La iglesia de J. M. Castillo

Fue defensor de una visión espiritual donde el Evangelio se sitúe por encima de la Religión

Ha fallecido la semana pasada en Granada el sacerdote José María Castillo, una de las principales voces discordantes de la Iglesia, profesor de la Universidad de Granada apartado de la docencia por la ortodoxia dominante desde el pontificado de Juan Pablo II junto a otros teólogos de su cuerda luego reunidos en la Asociación Juan XXIII, y miembro de la Compañía de Jesús durante cincuenta años hasta su abandono voluntario en 2007. El padre Castillo fue un tipo de sacerdote transformado por las corrientes renovadoras del Concilio Vaticano II, defensor de una mayor colegialidad en las decisiones eclesiásticas, el acercamiento a los colectivos más abandonados de la sociedad y una visión espiritual donde el Evangelio se sitúe por encima de la Religión.

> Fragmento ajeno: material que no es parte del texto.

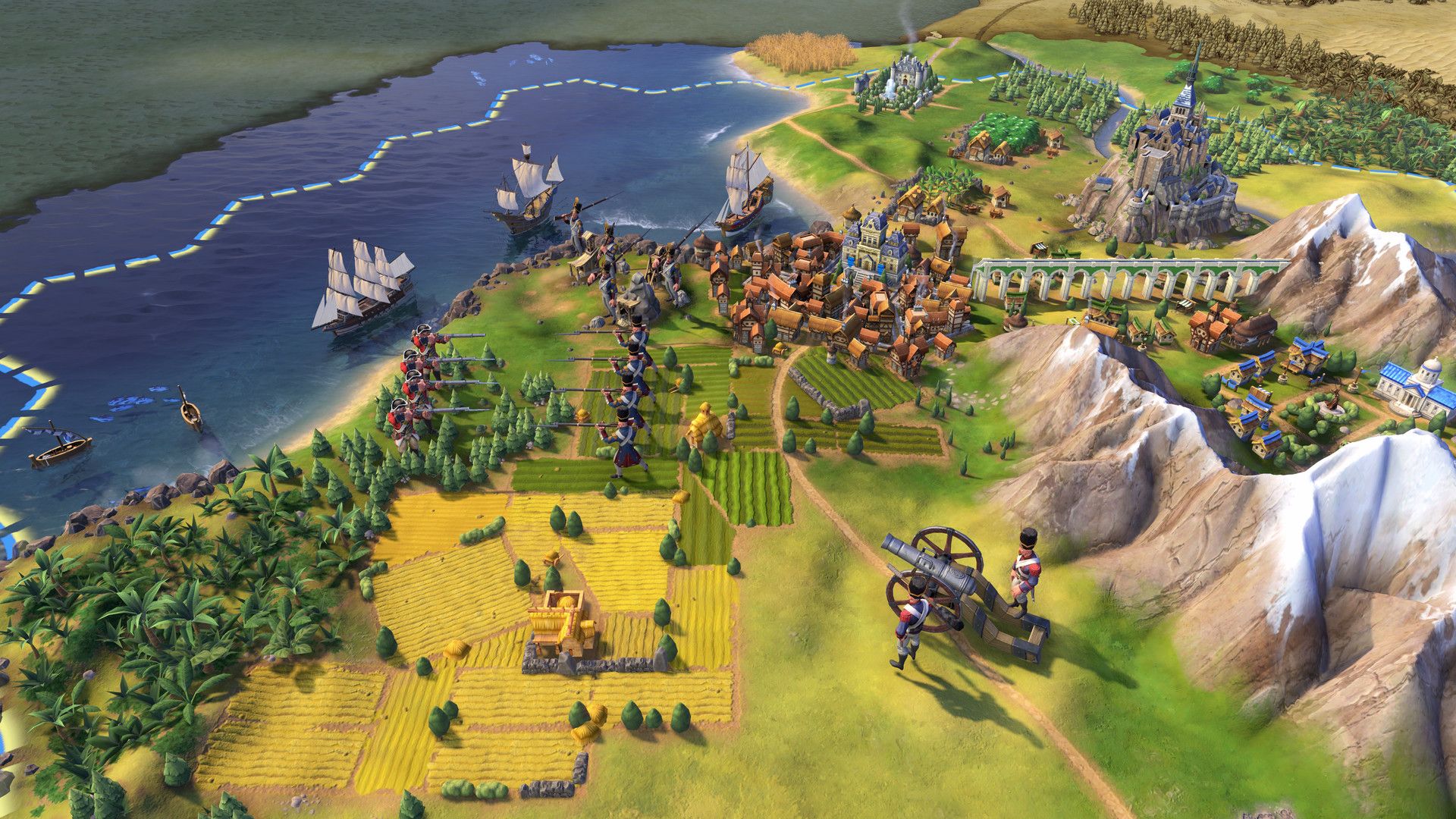 Trucos Civilization 6 para PC cómo acceder al menú debug, exploits de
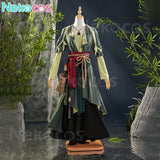 【Nekocos】Game Where Winds Meet Cosplay Yingying Cosplay Costume | Custom-Tailor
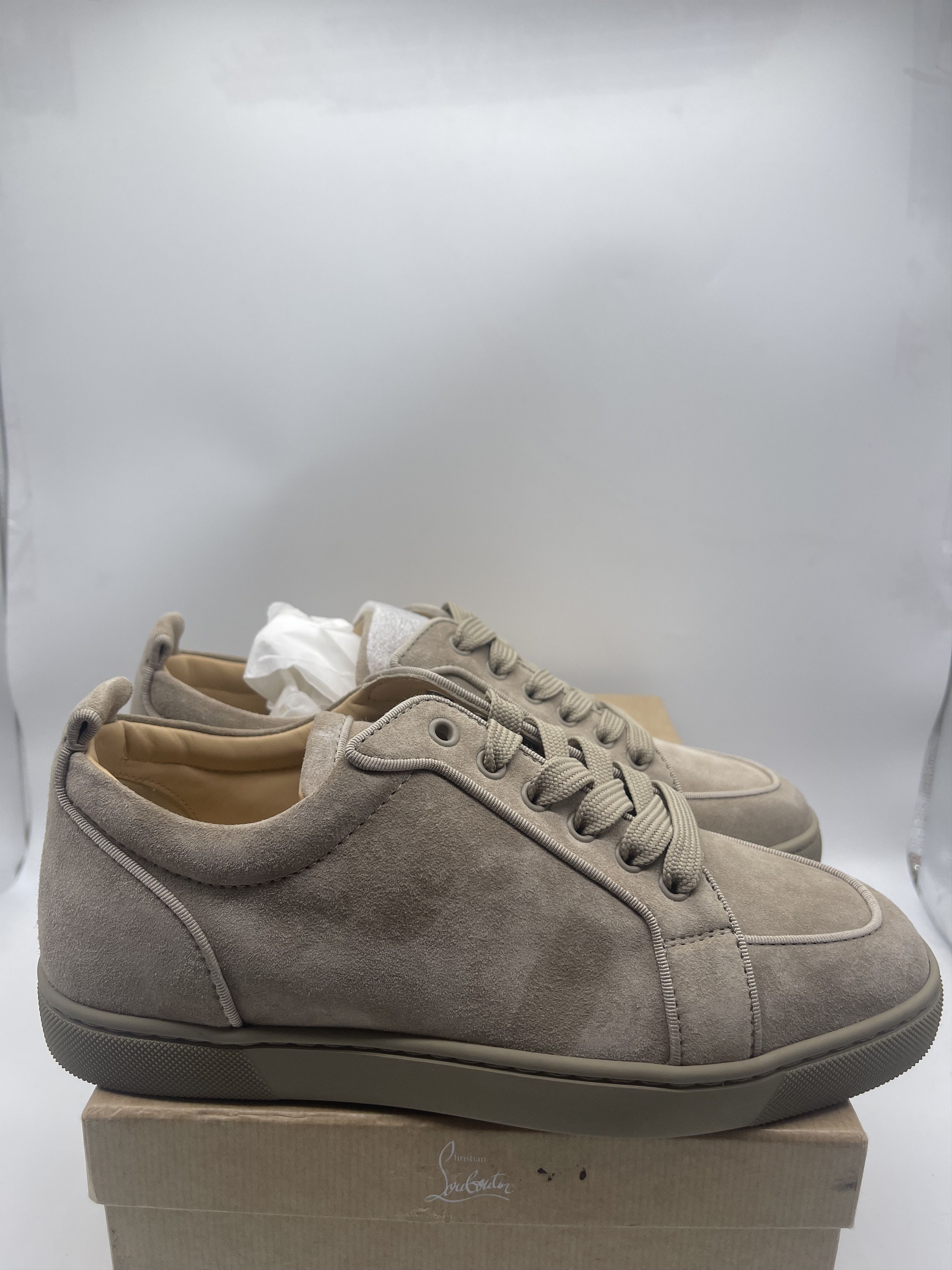 Christian Louboutin christian louboutin rantulow orlato flat sneakers Size US 12 / EU 45 - 3 Thumbnail
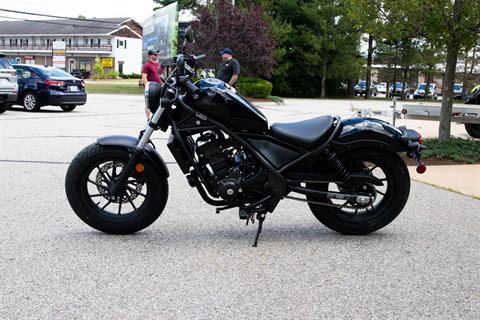 2024 Honda Rebel 300 in Concord, New Hampshire - Photo 7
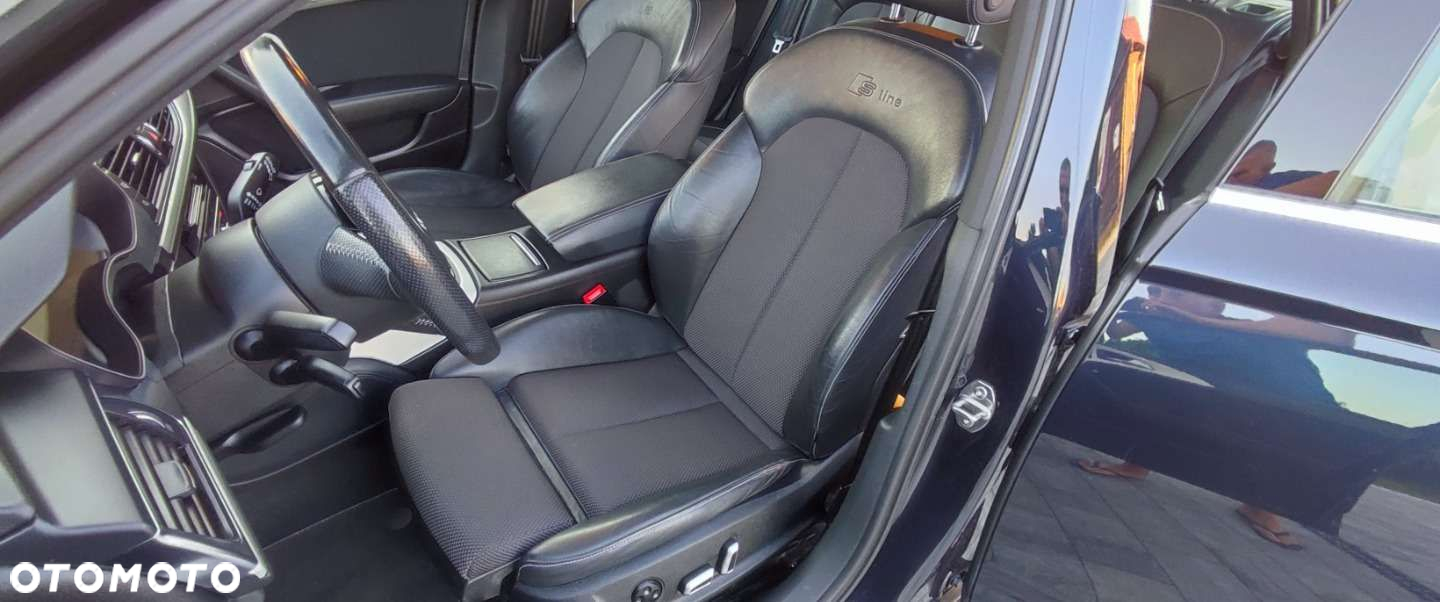 Audi A6 - 14
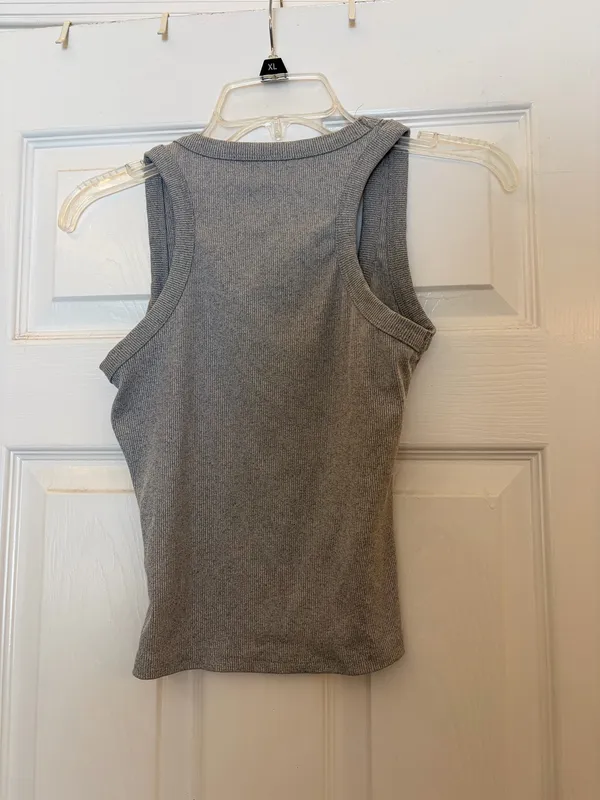 Tank Top Gray - Image 2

Su heterodoxa trayectoria recuerda a otros religiosos díscolos e irreductibles como el padre Díez Alegría, aquel “jesuita sin papeles” que tantos dolores de cabeza dio al bueno del Padre Arrupe.

Yo tuve la suerte de llegar a él a través de mi tío Enrique Osborne, quien lo trató mucho y se tenían gran estima, hasta llegar a conocer algo de su importante obra publicada, pues a pesar de su aparente retiro nunca dejó de escribir. Destaco aquí hoy su sugerente cristología La humanización de Dios (editorial Trotta, 2010), honda reflexión sobre el proceso de humanización de Dios en la persona de Jesucristo, clave en su forma de entender la Religión y la Iglesia. Esa perspectiva de la espiritualidad desde el Jesús del Evangelio, que tan clarividentemente nos transmitieron en el colegio, es la clave de toda la obra de Castillo, y en cierta manera nos ha marcado a muchos. Aquella mañana de enero en el Mar de Galilea, siempre digo que me acordé de mi padre… y del Padre Huelin.

Cuentan que cuando en su casa, ya él nonagenario, descolgaron el teléfono y reconocieron al otro lado la voz del mismísimo Papa de Roma, corrieron sin creerlo para avisarlo. Y efectivamente era Francisco, quien le confesó que lo leía con frecuencia y le animaba a seguir escribiendo, en quizá la más sutil y elegante rehabilitación que uno recuerda. La voz de Castillo, como la de otros teólogos que no hace falta nombrar, ha sonado fuerte en el seno de la Iglesia, quizá en algunas cuestiones distorsionada, pero siempre rotunda en la defensa de los más desfavorecidos. Como la vigencia de su fructífero legado, que mal haríamos en olvidar.